Poor Marie de Rohan! Her heart already bled from many wounds, but this last was the "unkindest cut of all." Her position had indeed become frightful, and calculated to sink her to the lowest depth of despair. No hope of seeing her native land again, her princely chateau, her children, her favourite daughter Charlotte! Deriving scarcely anything from France, deeply in debt, and with credit exhausted, she found herself entirely at the end of her resources. How thoroughly did the banished woman then realise the woes of exile—how hard it is to climb and descend the stranger's stair, experience the hollowness of his promise, and the arrogance of his commiseration. And, finally, as though fated to drain her cup of bitterness to the last drop, to learn that she, her long-loved bosom friend and royal mistress, who owed her, at the very least, a silent fidelity, had openly ranged herself on the side of fortune and Richelieu!

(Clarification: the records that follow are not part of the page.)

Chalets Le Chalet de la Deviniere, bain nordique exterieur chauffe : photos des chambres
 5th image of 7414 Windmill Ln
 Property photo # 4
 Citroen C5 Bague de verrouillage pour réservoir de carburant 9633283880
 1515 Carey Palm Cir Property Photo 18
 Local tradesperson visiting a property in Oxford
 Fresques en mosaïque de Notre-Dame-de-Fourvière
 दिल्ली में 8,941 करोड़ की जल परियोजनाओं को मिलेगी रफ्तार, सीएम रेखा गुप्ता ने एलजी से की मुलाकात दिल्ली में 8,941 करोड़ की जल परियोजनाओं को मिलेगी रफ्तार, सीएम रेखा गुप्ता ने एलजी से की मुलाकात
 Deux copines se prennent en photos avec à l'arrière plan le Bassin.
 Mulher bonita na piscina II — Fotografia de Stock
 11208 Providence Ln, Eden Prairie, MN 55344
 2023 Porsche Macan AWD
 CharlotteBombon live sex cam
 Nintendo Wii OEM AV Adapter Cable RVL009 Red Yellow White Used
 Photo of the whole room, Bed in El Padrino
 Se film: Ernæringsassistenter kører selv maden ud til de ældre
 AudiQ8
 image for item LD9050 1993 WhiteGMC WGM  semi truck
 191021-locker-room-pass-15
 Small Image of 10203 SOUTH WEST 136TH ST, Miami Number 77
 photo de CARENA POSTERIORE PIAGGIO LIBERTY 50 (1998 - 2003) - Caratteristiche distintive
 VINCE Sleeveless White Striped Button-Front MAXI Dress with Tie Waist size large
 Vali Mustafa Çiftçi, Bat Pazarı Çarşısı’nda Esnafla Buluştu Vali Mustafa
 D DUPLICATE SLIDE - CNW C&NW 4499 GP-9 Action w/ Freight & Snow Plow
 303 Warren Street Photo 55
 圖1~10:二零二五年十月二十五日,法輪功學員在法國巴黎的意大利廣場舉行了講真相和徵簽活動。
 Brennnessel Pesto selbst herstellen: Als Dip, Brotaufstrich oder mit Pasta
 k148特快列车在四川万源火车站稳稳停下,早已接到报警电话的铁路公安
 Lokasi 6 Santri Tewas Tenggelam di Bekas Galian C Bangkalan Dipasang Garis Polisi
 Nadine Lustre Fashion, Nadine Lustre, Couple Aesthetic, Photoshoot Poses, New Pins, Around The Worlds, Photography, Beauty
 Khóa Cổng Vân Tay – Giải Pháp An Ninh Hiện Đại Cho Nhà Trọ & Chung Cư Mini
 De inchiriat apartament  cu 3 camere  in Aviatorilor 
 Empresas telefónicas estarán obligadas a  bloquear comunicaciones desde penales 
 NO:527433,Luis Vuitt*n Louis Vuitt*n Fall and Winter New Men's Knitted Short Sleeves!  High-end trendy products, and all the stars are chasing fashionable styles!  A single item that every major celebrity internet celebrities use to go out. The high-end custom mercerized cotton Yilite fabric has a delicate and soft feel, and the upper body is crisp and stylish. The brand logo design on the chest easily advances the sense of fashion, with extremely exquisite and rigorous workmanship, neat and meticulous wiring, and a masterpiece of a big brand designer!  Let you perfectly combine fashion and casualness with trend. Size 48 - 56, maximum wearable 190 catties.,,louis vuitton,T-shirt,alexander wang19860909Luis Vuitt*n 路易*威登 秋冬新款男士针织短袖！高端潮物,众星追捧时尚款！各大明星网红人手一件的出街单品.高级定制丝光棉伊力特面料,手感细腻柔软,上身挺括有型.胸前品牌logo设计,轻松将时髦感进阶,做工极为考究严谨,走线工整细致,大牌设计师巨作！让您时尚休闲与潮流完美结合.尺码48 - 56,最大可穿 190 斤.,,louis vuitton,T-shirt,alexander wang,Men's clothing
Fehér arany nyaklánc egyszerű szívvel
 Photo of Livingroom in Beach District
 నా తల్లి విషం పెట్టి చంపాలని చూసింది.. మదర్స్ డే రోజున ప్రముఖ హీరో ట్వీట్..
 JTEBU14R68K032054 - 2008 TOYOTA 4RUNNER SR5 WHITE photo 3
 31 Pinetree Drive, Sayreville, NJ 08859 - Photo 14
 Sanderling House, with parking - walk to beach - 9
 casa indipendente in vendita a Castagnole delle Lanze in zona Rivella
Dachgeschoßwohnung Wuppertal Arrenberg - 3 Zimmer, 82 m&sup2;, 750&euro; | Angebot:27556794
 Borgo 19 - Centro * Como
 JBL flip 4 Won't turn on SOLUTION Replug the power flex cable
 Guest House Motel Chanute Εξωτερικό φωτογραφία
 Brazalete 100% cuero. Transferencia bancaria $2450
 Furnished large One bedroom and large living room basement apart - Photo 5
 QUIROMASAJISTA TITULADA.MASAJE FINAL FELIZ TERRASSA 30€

In a condition of mental torture the most acute, resulting from such accumulated misfortune, Madame de Chevreuse remained for several months with no other support than that of her innate high-souled courage. At length, towards the close of that eventful year, the golden grooves of change rung out a joyous paean to gladden the heart of the much-enduring exile. Suddenly Marie—all Europe—heard with a throb that the inscrutable, iron-handed man of all the human race most dreaded alike by States as by individuals, had yielded to a stronger power than his own, and had closed his eyes in death (December 4, 1642). Within a few short months afterwards the King also, whose regal power he had consolidated at such a cost in blood and suffering, followed the great statesman to the tomb; having entrusted the Regency, very much against his will, to the Queen, but controlled by a Council, over which presided as Prime Minister the man most devoted to Richelieu's system—his closest friend, confidant, and creature—Jules Mazarin.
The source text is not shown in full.